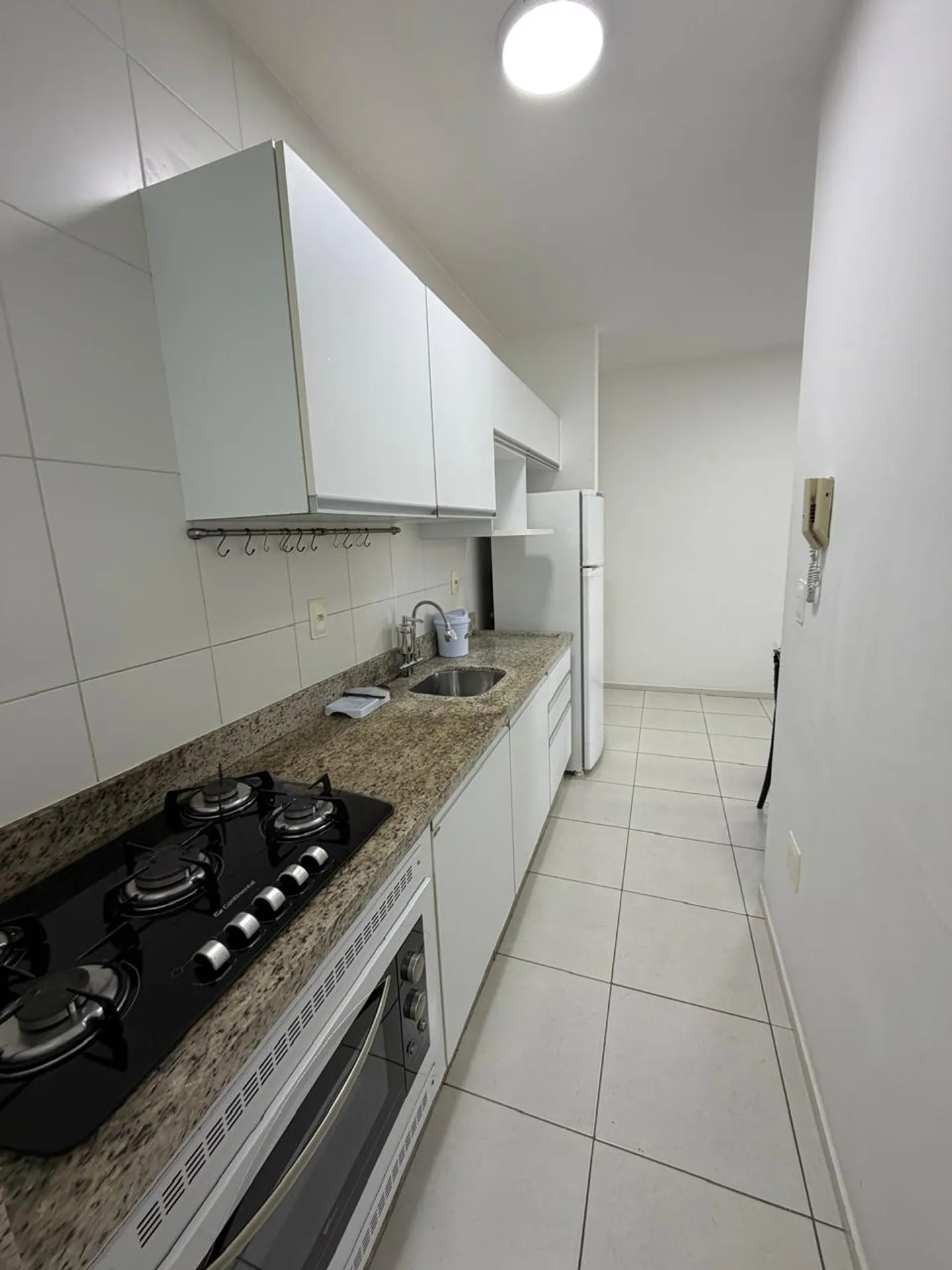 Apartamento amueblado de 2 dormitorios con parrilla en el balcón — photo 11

★ ★ ★ ★ ★

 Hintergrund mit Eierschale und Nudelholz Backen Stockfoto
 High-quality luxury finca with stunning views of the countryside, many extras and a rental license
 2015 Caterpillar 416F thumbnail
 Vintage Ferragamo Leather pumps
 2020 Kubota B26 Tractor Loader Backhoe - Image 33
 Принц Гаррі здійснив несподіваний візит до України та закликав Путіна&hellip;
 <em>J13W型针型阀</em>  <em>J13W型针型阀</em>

★ ★ ★ ★ ★

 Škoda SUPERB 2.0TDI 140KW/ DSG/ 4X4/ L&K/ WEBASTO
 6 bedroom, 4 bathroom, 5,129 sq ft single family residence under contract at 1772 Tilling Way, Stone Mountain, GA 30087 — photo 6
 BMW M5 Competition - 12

★ ★ ★ ★ ★

• [TASK DESCRIPTION]: Return exactly, and only, the lines above starting at the line that contains "Škoda SUPERB 2.0TDI" and ending at the line that contains "BMW M5 Competition - 12".

• [REPLY TO THE EXERCISE]:
 Škoda SUPERB 2.0TDI 140KW/ DSG/ 4X4/ L&K/ WEBASTO
 6 bedroom, 4 bathroom, 5,129 sq ft single family residence under contract at 1772 Tilling Way, Stone Mountain, GA 30087 — photo 6
 BMW M5 Competition - 12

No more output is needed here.